New Research Identifies W491 as a Potential Therapeutic Target in Essential Thrombocythemia

In patients with familial essential thrombocythemia (ET) negative for JAK2, CALR, or MPL W515 mutation (triple-negative), newly identified MPL mutations elucidate a broad mechanism of thrombopoietin receptor (TpoR) activation that is shared by the small molecule eltrombopag. This is according to a study in Blood, which found that the activation of TpoR by the novel L498W-H499C or H499Y-S505N mutations relies on upstream amino acid W491. W491 is also the key residue required for activation by the W515 mutation pathway and the activation by eltrombopag.1 Together, these results suggest that this new target structure within the TpoR could serve as a therapeutic target in ET.

“If W491 would be targeted and prevented to stabilize the dimeric interface of the mutants described in this paper, this would lead to inhibition of oncogenic activity,” said corresponding study author Stefan Constantinescu, MD, of the Université Catholique de Louvain in Belgium. The same would occur for more frequent mutants of MPL, W515K, and S505N, he added. “But the interesting part is that W491 is in the extracellular region above the membrane and is accessible to antibodies and molecules that would not need to enter the cell via the plasma membrane,” he noted.

The study was an analysis of 2 patients with ET who tested negative for JAK2, CALR, and MPL W515 mutations – common driver mutations for myeloproliferative neoplasms.
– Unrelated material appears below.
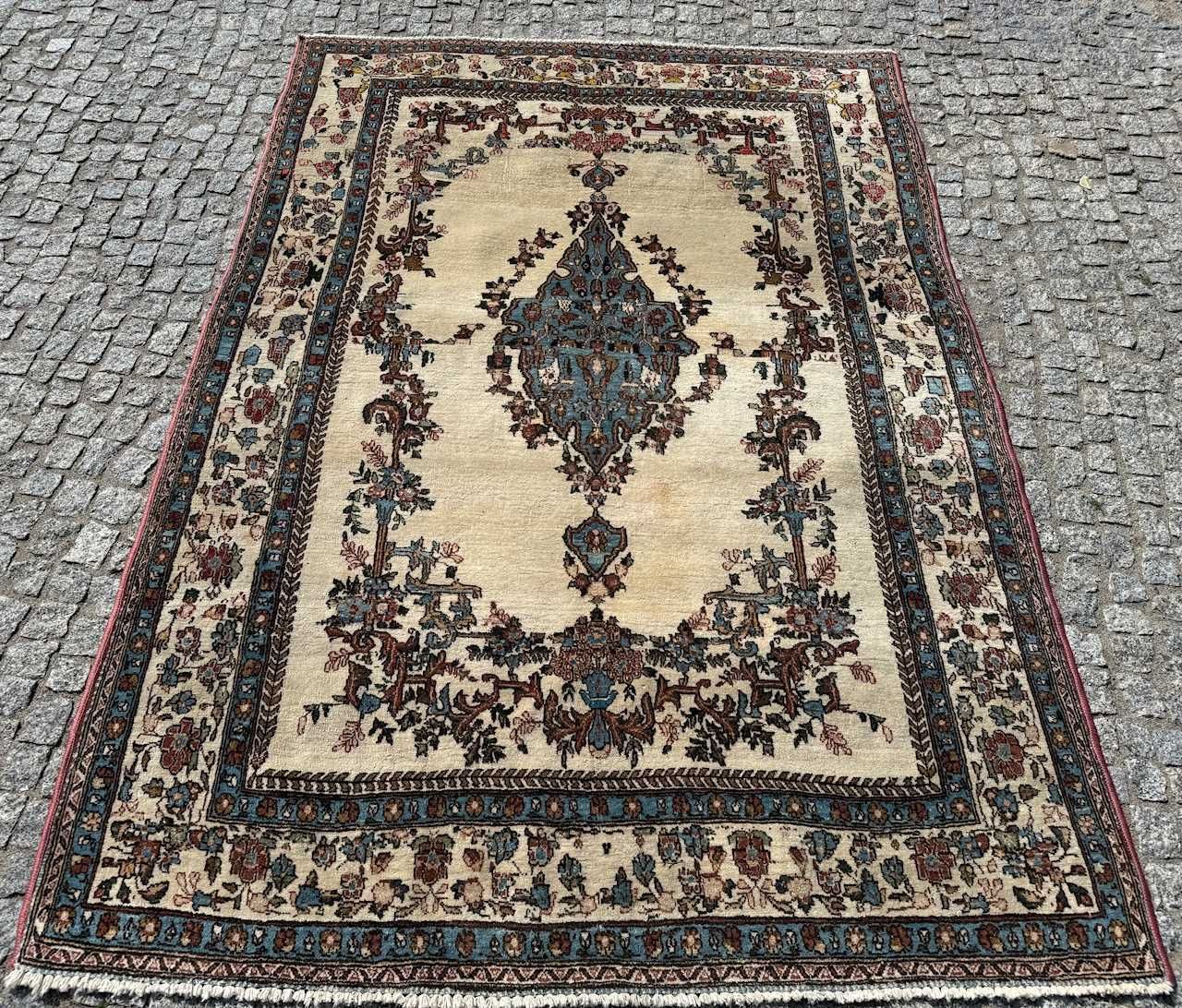 Dywan r.tkany wełniany kaszmirowy perski Iran Teheran 215x150 gal8 tys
Each patient harbored either L498W-H499C or H499Y- S505N, defined as double cis mutations in the MPL gene, which encodes for TpoR protein. According to the authors of this study, this is the first report of these combination mutations in patients with ET.

The human TpoR is mainly a cell-surface monomer that dimerizes, in the presence of either Tpo or the small-molecule agonist eltrombopag or when mutated (S505N, W515K), via a structural change in the region around H499. To test their hypothesis that L498W and H499C would induce persistent dimerization of TpoR, the investigators generated cell lines to express the TpoR mutations alone or in combination.

In their analysis, the authors found that both single mutations L498W or H499C led to ligand-independent STAT5 transcriptional activity, although L498W had a stronger effect, and the combination was even stronger. Dimerization of TpoR H499C was equivalent to or greater than that observed in L498W and there was an increase in cell-surface localization and stability of H499C. However, H499C alone “dimerizes TpoR in a conformation not optimal for signaling.”

The investigators then truncated TpoR upstream of position 489 and subsequently moved the mutations in the receptor construct. Compared with the WT truncated receptor, single and double mutants demonstrated more signaling, suggesting that the mutations act on transmembrane and cytosolic domains. When the researchers treated the cells with eltrombopag, the TpoR WT was activated, but not the truncated TpoR mutants in agreement with a requirement for extra amino acid residues upstream of H499.

In a second ET patient, the authors identified the double mutation H499Y-S505N (in cis). Although the H499Y mutant was found to be active alone, the double mutant exhibited significantly enhanced activation of STAT5 over S505N. Both H499C and H499Y were specific enhancers of their counterparts L498W and S505N. They were unable to enhance signaling by other TpoR mutants such as W515K.

Furthermore, the authors used a structural approach and identified W491 as a key upstream residue necessary to stabilize mutations in the Tpo receptor as well as allowing a response to eltrombopag.

When W491A mutation was induced this was associated with impairment of eltrombopag-mediated activation as well as the transmembrane or W515 mutations. Thus, W491 is crucial for the changes in tilt and orientation required for activation. As W491 might be accessible in the juxtamembrane region compared with the transmembrane mutations, this residue could be targeted clinically to reduce the activity of TpoR mutations.

In an accompanying editorial, Ian Hitchcock, PhD, of the University of York in the U.K., noted that several key questions about TpoR activity remain.2 First, a comprehensive understanding of how TpoR is activated remains elusive, since a complete structure of the receptor has yet to be identified. He added that, even if a structure is identified, it will not offer answers to all key questions because JAK2 will play a role in stabilization, dimerization, and localization of the receptor and will also be involved in interactions with the plasma membrane.

“Moreover,” Dr. Hitchcock wrote, “receptor density at the plasma membrane will alter the ability of the activating mutations to drive receptor dimerization, highlighting one of the issues faced by all of us using TpoR-overexpressing cell lines to model receptor activity.”

The authors report no relevant conflicts of interest.


  1. Levy G, Carillo S, Papoular B, et al. MPL mutations in essential thrombocythemia uncover a common path of activation with eltrombopag dependent on W491. Blood. 2020;135:948-953.
  2. Hitchcock IS. Novel ET mutations: stuck in the MPL with you. Blood. 2020;135:889-890.